I will hasten to point out that this paradigm isn't unique to us. It is a global phenomenon. Indeed, I am constantly aggravated by ex-leaders worldwide, who, in their retirement years, start spouting all sorts of ideas that they never fought for or enacted when they had power to do something about it. To get power, they played the game. To maintain power once they got it, they played the game. To secure private, personal wealth for themselves after their political careers, they played the game. Finally, with grey hairs on their heads, tens of millions of dollars in their bank accounts, and no with political power or influence left, they start criticizing their successors for doing exactly the same things they did, and for being motivated by the same things that motivated them in their time of power.

But this blog is about the beautiful, wonderful Federal Republic of Nigeria, so I will focus on us....

.... especially since our government's dysfunction is taking the country down a dangerously violent road.

As I have often mentioned on this blog, I wrote an essay on a popular Nigerian website back in 2003, warning that violence levels has risen sharply from 1999 to 2003, and that the trend showed the violence would only increase. I warned (in 2003) of the dangers of having so many ethnic militia, regional militia, private political armies, so-called vigilance groups, armed men loyal to governors and on state public service payrolls and so-called "militants", pointing out that every other country in Africa that had collapsed had gone through a phase where the government lost its monopoly of violence.

I said, in 2003, that while different sections of the Nigerian citizenry might have soft spots for one specific private army (based on the mistaken belief that that specific private army was defending their interests), we should learn from other countries in Africa where people thought the same things about their own ethnic/regional/vigilance/etc militia up until the tipping point to anarchy, beyond which they all began to pine for the "good old days" when a dictator held monopoly rights to violence.
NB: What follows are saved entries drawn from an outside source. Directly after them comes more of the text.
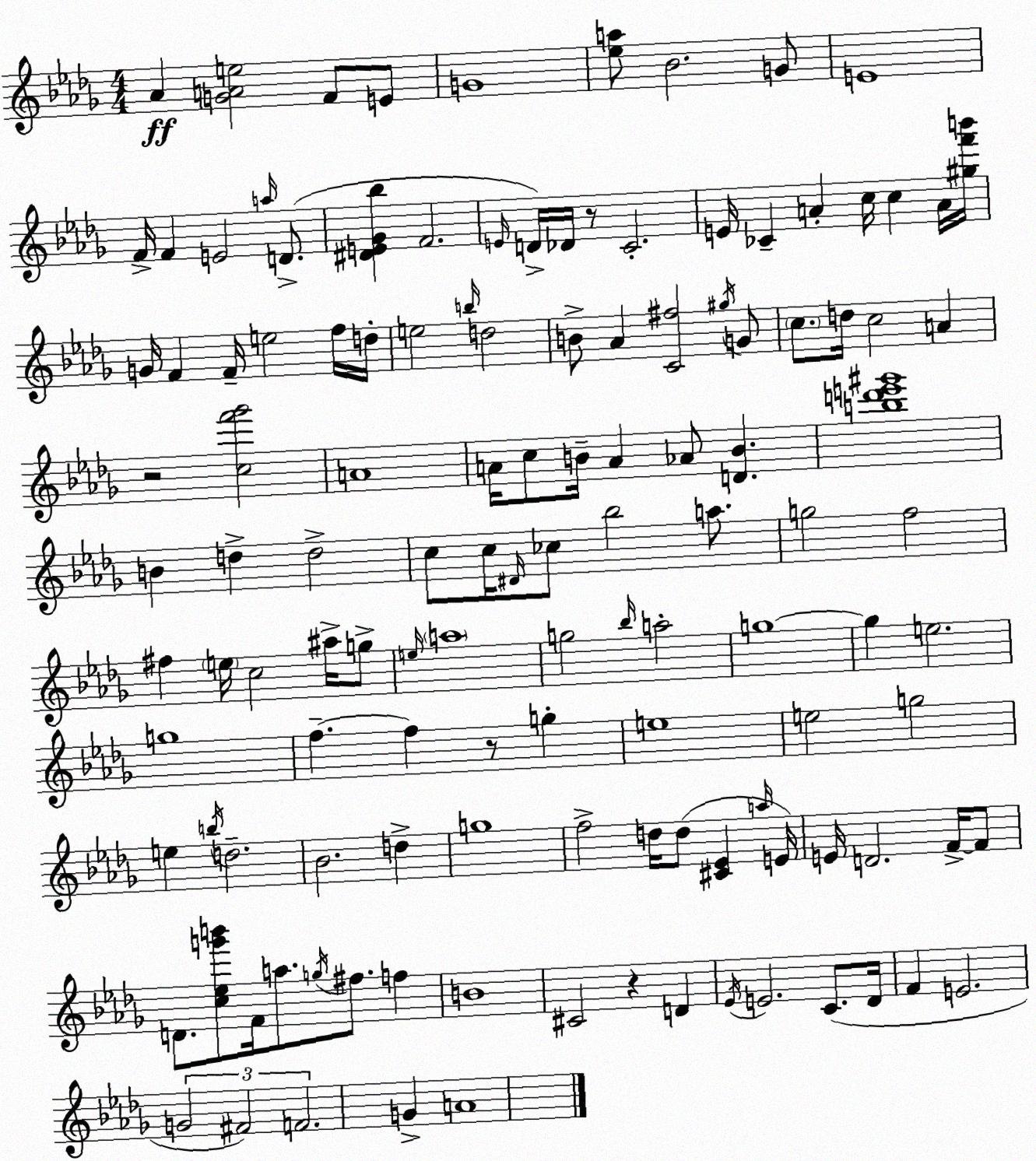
X:1
T:Untitled
M:4/4
L:1/4
K:Bbm
_A [GAe]2 F/2 E/2 G4 [_ea]/2 _B2 G/2 E4 F/4 F E2 a/4 D/2 [^DE_G_b] F2 E/4 D/4 _D/4 z/2 C2 E/4 _C A c/4 c A/4 [^gf'b']/4 G/4 F F/4 e2 f/4 d/4 e2 b/4 d2 B/2 _A [C^f]2 ^g/4 G/2 c/2 d/4 c2 A z2 [cf'_g']2 A4 A/4 c/2 B/4 A _A/2 [DB] [bd'e'^g']4 B d d2 c/2 c/4 ^D/4 _c/2 _b2 a/2 g2 f2 ^f e/4 c2 ^a/4 g/2 e/4 a4 g2 _b/4 a2 g4 g e2 g4 f f z/2 g e4 e2 g2 e b/4 d2 _B2 d g4 f2 d/4 d/2 [^C_E] a/4 E/4 E/4 D2 F/4 F/2 D/2 [c_eg'b']/2 F/4 a/2 g/4 ^f/2 f B4 ^C2 z D _E/4 E2 C/2 _D/4 F E2 G2 ^F2 F2 G A4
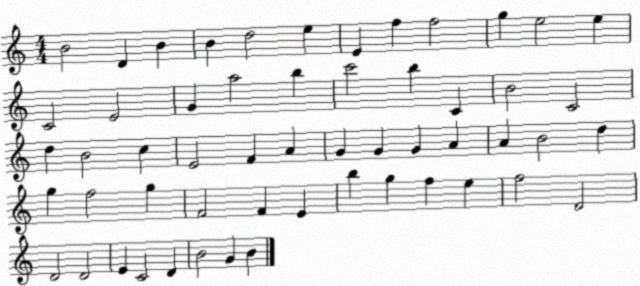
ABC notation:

X:1
T:Untitled
M:4/4
L:1/4
K:C
B2 D B B d2 e E f f2 g e2 e C2 E2 G a2 b c'2 b C B2 C2 d B2 c E2 F A G G G A A B2 d g f2 g F2 F E b g f e f2 D2 D2 D2 E C2 D B2 G B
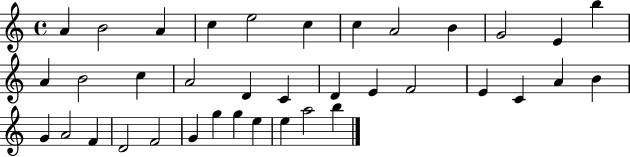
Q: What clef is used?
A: treble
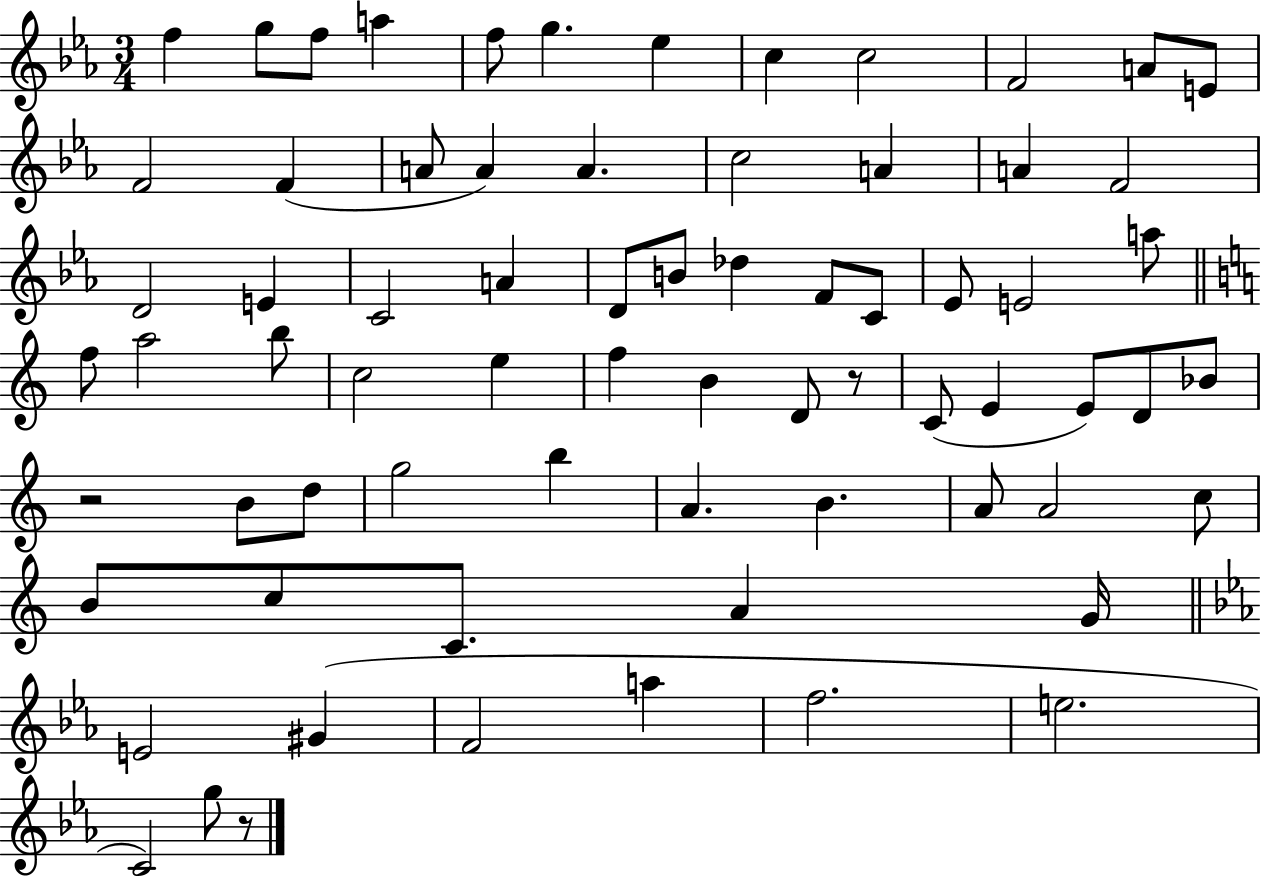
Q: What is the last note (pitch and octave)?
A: G5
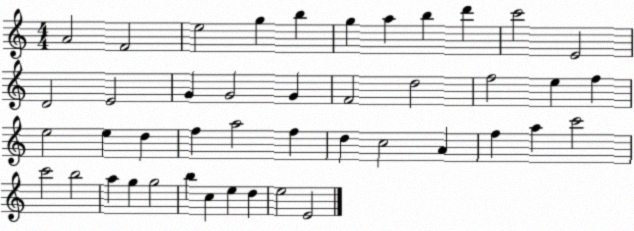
X:1
T:Untitled
M:4/4
L:1/4
K:C
A2 F2 e2 g b g a b d' c'2 E2 D2 E2 G G2 G F2 d2 f2 e f e2 e d f a2 f d c2 A f a c'2 c'2 b2 a g g2 b c e d e2 E2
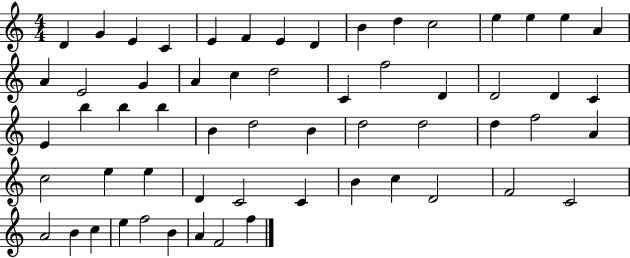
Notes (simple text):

D4/q G4/q E4/q C4/q E4/q F4/q E4/q D4/q B4/q D5/q C5/h E5/q E5/q E5/q A4/q A4/q E4/h G4/q A4/q C5/q D5/h C4/q F5/h D4/q D4/h D4/q C4/q E4/q B5/q B5/q B5/q B4/q D5/h B4/q D5/h D5/h D5/q F5/h A4/q C5/h E5/q E5/q D4/q C4/h C4/q B4/q C5/q D4/h F4/h C4/h A4/h B4/q C5/q E5/q F5/h B4/q A4/q F4/h F5/q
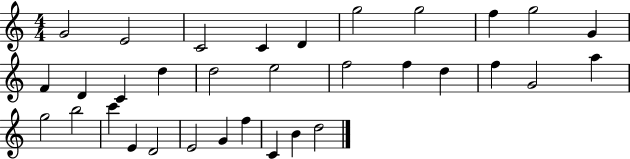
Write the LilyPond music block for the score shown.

{
  \clef treble
  \numericTimeSignature
  \time 4/4
  \key c \major
  g'2 e'2 | c'2 c'4 d'4 | g''2 g''2 | f''4 g''2 g'4 | \break f'4 d'4 c'4 d''4 | d''2 e''2 | f''2 f''4 d''4 | f''4 g'2 a''4 | \break g''2 b''2 | c'''4 e'4 d'2 | e'2 g'4 f''4 | c'4 b'4 d''2 | \break \bar "|."
}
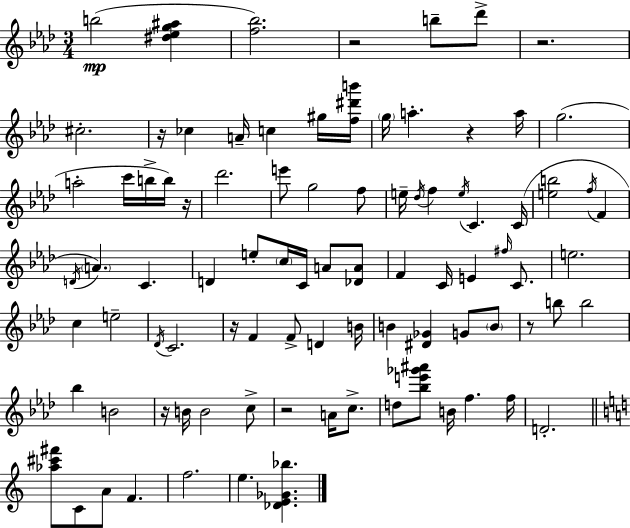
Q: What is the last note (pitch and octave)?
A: E5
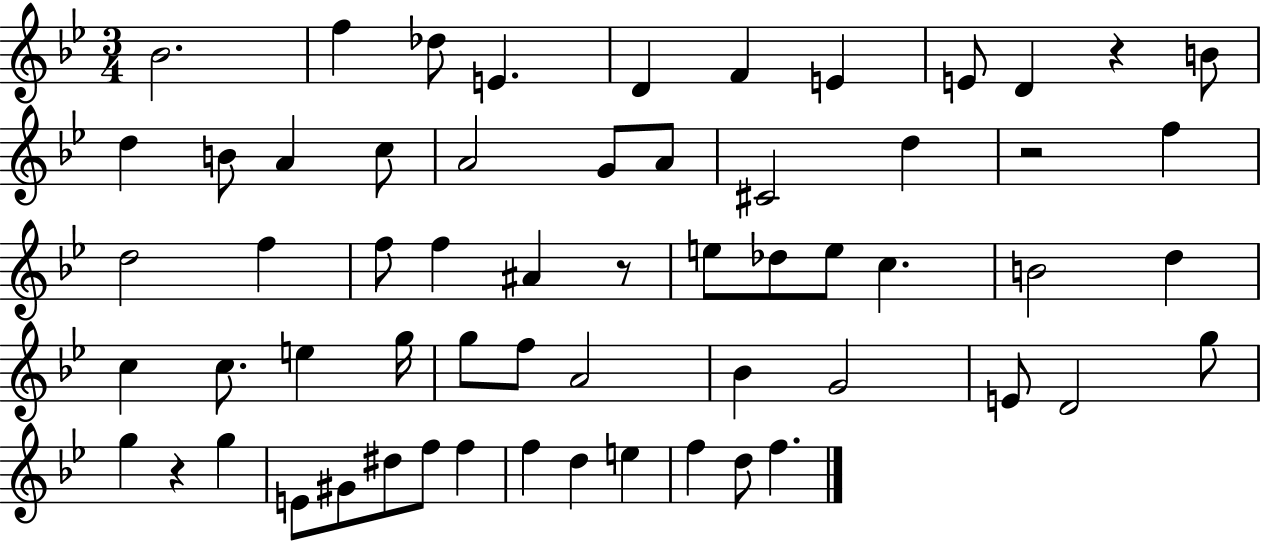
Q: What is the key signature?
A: BES major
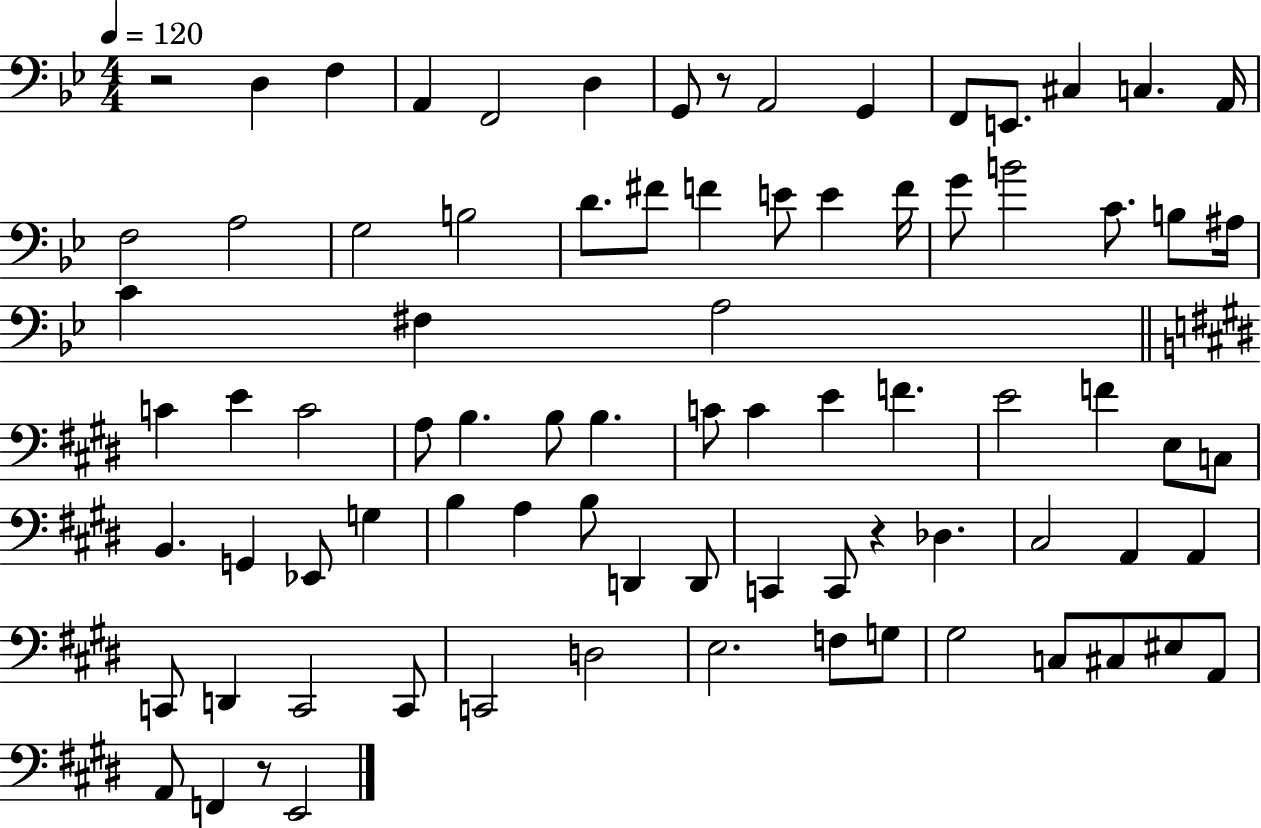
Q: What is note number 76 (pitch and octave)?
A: A2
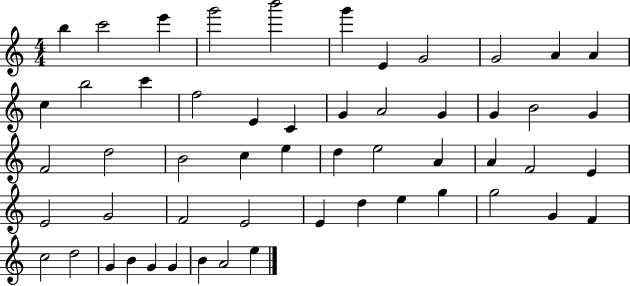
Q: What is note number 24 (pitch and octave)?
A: F4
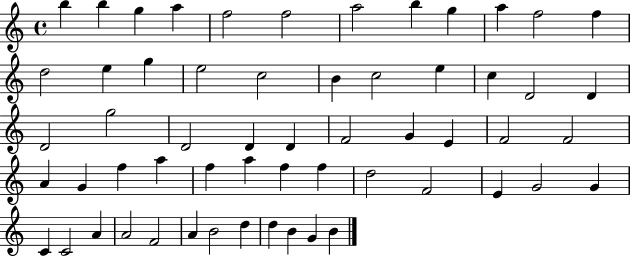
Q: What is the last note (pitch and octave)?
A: B4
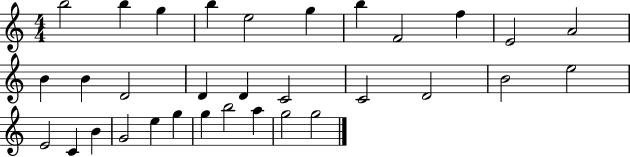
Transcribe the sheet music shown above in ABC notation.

X:1
T:Untitled
M:4/4
L:1/4
K:C
b2 b g b e2 g b F2 f E2 A2 B B D2 D D C2 C2 D2 B2 e2 E2 C B G2 e g g b2 a g2 g2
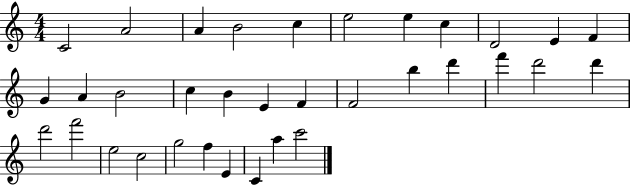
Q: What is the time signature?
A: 4/4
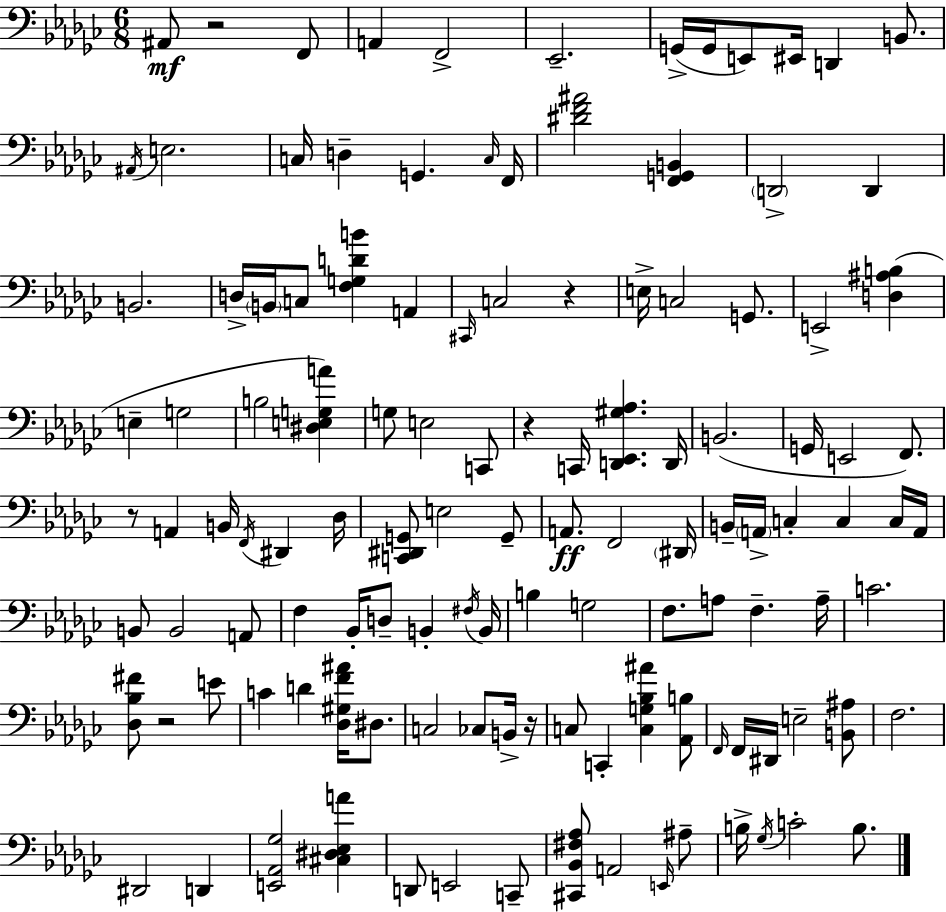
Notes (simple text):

A#2/e R/h F2/e A2/q F2/h Eb2/h. G2/s G2/s E2/e EIS2/s D2/q B2/e. A#2/s E3/h. C3/s D3/q G2/q. C3/s F2/s [D#4,F4,A#4]/h [F2,G2,B2]/q D2/h D2/q B2/h. D3/s B2/s C3/e [F3,G3,D4,B4]/q A2/q C#2/s C3/h R/q E3/s C3/h G2/e. E2/h [D3,A#3,B3]/q E3/q G3/h B3/h [D#3,E3,G3,A4]/q G3/e E3/h C2/e R/q C2/s [D2,Eb2,G#3,Ab3]/q. D2/s B2/h. G2/s E2/h F2/e. R/e A2/q B2/s F2/s D#2/q Db3/s [C2,D#2,G2]/e E3/h G2/e A2/e. F2/h D#2/s B2/s A2/s C3/q C3/q C3/s A2/s B2/e B2/h A2/e F3/q Bb2/s D3/e B2/q F#3/s B2/s B3/q G3/h F3/e. A3/e F3/q. A3/s C4/h. [Db3,Bb3,F#4]/e R/h E4/e C4/q D4/q [Db3,G#3,F4,A#4]/s D#3/e. C3/h CES3/e B2/s R/s C3/e C2/q [C3,G3,Bb3,A#4]/q [Ab2,B3]/e F2/s F2/s D#2/s E3/h [B2,A#3]/e F3/h. D#2/h D2/q [E2,Ab2,Gb3]/h [C#3,D#3,Eb3,A4]/q D2/e E2/h C2/e [C#2,Bb2,F#3,Ab3]/e A2/h E2/s A#3/e B3/s Gb3/s C4/h B3/e.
[I promise you I am referencing something I wrote in 2003. I know it sounds like I am talking about things currently happening in certain parts of Africa.]

I argued, in 2003, that a country in which it was embarrassingly easy for one private army to smuggle in sophisticated, military-grade weaponry is a country in which it was just as easy for every private army to do the same. So if a particular political leader, or the government in general, or a specific section of the society chooses to overlook the institutional and systemic problems of border security because they fear fixing the problem would disadvantage their preferred private army, bear in mind that you are in effect empowering every private army and negating whatever relative advantage you think you are giving yourself.

When I wrote that essay in 2003, we had not yet fought a low intensity civil war in the Niger-Delta, nor faced an unchecked insurgency in the North. Back in 2003, I got one response to that essay, from someone who accused me of being an alarmist and a "nihilist" (whatever that means).  It is amusing the way people throw around adjectives.  Over the years, I have been called everything from a "neo-conservative" to a "bleeding heart liberal".  I am none of the things I have been called, and none of the people who called me these things ever presented a convincing argument against anything I said or wrote.

Look ... I am not saying anarchy is imminent in Nigeria. What I was saying back in 2003, and what I am saying now in 2012 is the trend of violence was and is upward, with little or nothing being done to stem the rise.